━━━ Recorded data
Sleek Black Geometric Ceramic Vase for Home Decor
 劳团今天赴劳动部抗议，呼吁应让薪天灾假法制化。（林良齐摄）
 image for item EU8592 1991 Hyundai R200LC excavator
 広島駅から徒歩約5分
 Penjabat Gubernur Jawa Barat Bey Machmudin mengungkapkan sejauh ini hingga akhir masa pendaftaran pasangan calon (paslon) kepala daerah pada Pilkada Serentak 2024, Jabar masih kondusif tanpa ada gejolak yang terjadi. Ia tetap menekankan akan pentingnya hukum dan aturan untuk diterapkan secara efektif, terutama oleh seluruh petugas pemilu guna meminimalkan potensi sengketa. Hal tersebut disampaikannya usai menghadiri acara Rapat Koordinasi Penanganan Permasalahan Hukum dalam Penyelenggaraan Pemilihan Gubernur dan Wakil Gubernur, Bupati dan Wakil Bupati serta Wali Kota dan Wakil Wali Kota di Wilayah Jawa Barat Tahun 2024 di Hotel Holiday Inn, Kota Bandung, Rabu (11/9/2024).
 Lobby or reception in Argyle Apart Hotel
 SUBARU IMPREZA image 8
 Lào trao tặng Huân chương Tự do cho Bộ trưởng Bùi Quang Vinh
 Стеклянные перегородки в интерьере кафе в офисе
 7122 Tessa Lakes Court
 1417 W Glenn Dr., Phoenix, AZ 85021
━━━━━━
* **Assignment**
Scan the entries above for the word "image", then copy every line in which it occurs.

* **Result of this exercise**
 image for item EU8592 1991 Hyundai R200LC excavator
 SUBARU IMPREZA image 8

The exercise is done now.